I need to calculate basic stats (count, mean and standard deviation) of a collection of documents in order to remove outliers.

If I were to run one view to return a collection of document IDs
and another view to get the stats on those document IDs (using the built-in _stats reduce function), and one or more new documents were added to the database between running the first view and second view, wouldn’t this make the collection of document IDs out of sync with the stats returned?

Reading the Couchbase info on simulating transactions, one workaround might be to set a status attribute in the documents to “analysing” or whatever and then look for this status when running the view to get the stats.

Any thoughts?

#2

@shusseina one approach would be to put the time when the document is created in the map function and then filter for only a specific time frame. This would allow you “ignore” docs that have been added later, but it would not work if you are removing documents in between.

What you can also do is to apply some logic on the client side to filter documents that are not in both versions. Of course you can also use alternative approaches to add more “fields” to your documents that identify a processing state and run your queries based on those.

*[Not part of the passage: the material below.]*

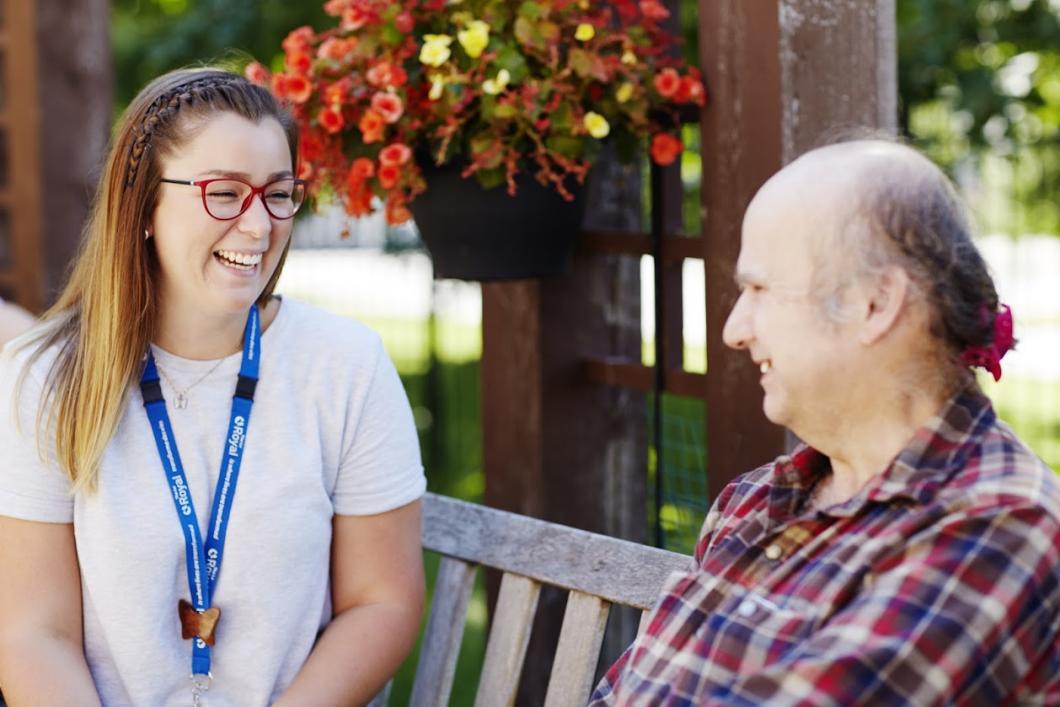 Staff member having a conversation with patient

In future server versions there will be a better way to handle this, but it’s a little too early to share all the details.

Does that help for now? If you have some concrete code to look at it would also be helpful

#3

That would work in my case as the documents being analysed will only ever be inserted and never updated. However, for documents which may be updated one would need a “modify timestamp” to check against.

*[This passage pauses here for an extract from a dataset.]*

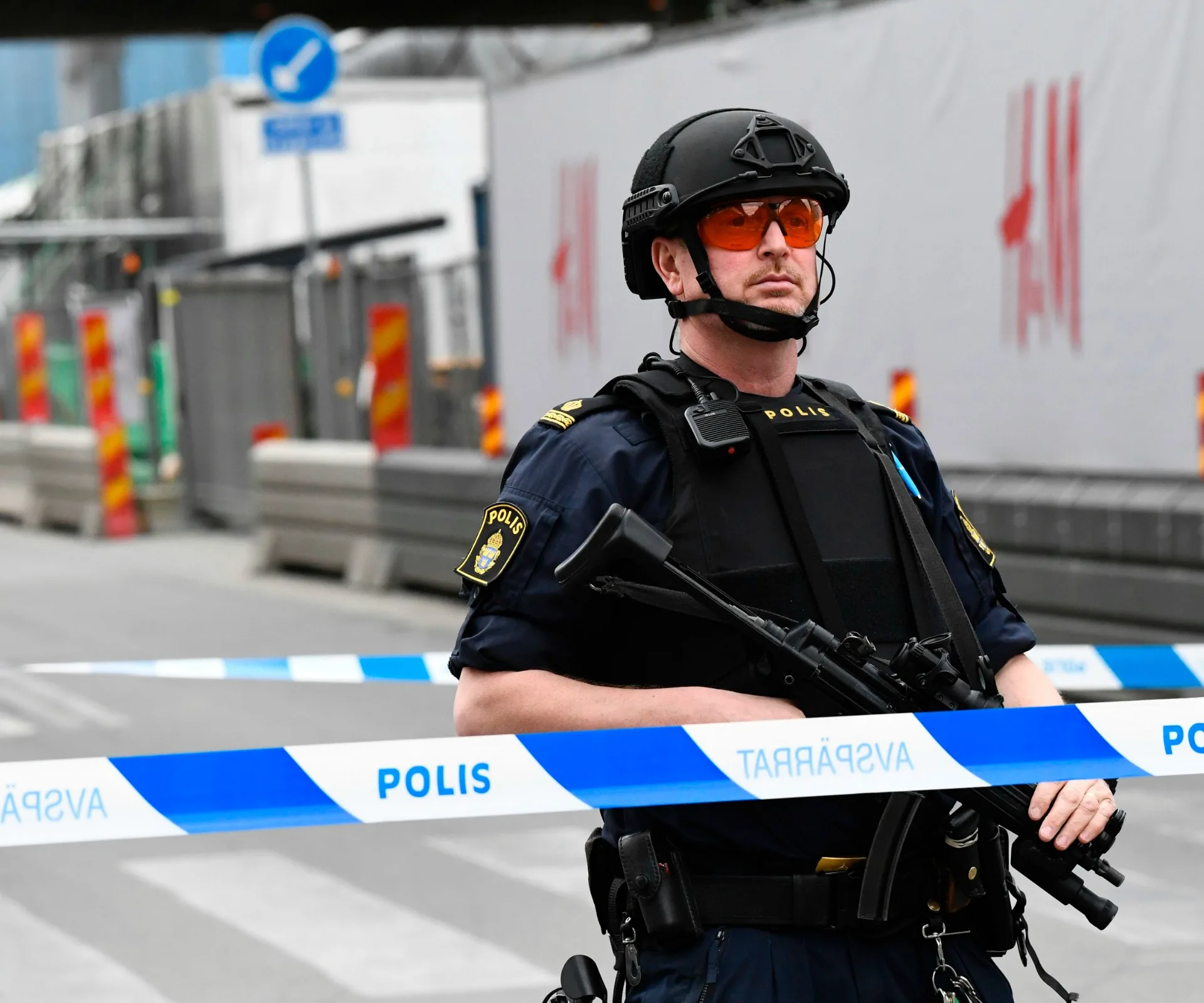 Police officer stands guard with rifle near cordoned-off area in Stockholm after attack.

Am I right to think it is the responsibility of a Couchbase client to include and set a create timestamp at the time a document is created or does a document’s meta data include such information?

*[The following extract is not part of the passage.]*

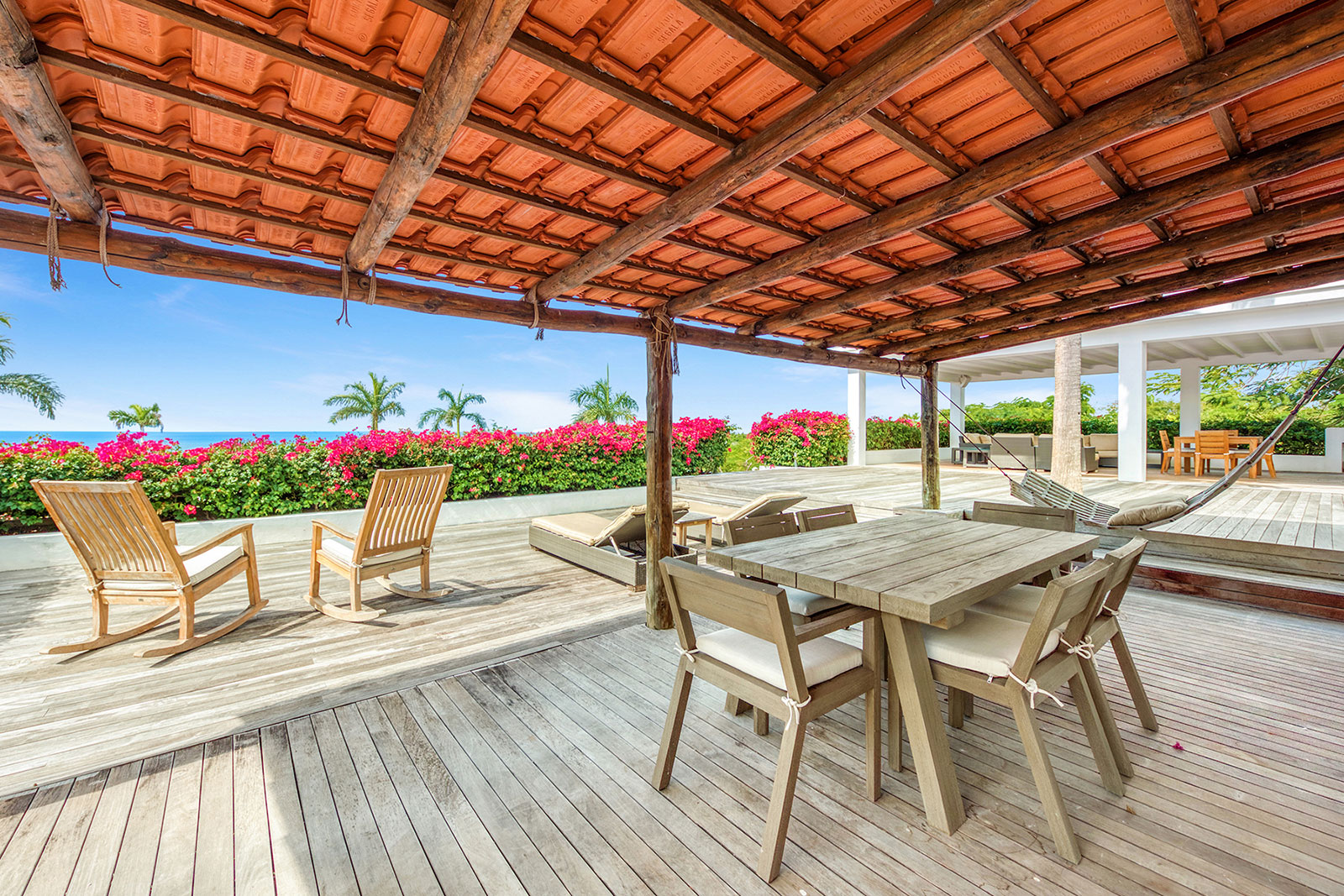 Maya_Luxe_Luxury_Villas_Experiences_St_Martin_La_Hacienda_10_LaHacienda-OutdoorSeating-(in-front-of-bedroom-3-and-4)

I notice my documents contain a _sync json object with a time_saved attribute, I assume this is because the document resulted from a sync with another Couchbase database (a Couchbase Lite database in my case).

{

"_sync": {
“time_saved”: “2015-01-13T02:15:47.861827851+13:00”,
“sequence”: 316,
“rev”: “1-d5a68ab5f84ca0c96a3252e6ec82867e”,
“history”: {

}

#4

@shusseina okay one thing upfront: it is not a good idea to interfere with the the sync gateway documents directly, see: http://developer.couchbase.com/mobile/develop/guides/sync-gateway/wcbs/bucket-shadowing/index.html

Also, the SDK does not add a timestamp of any means to your document, it’s up to you to add it (but it’s quite trivial anyways). The metadata does not contain that kind of information, all it contains is a TTL if you’ve set it, but no “created” or “modified” timestamp. Note that the sync GW and couchbase lite do things differently, but check the bucket shadowing from above for more info.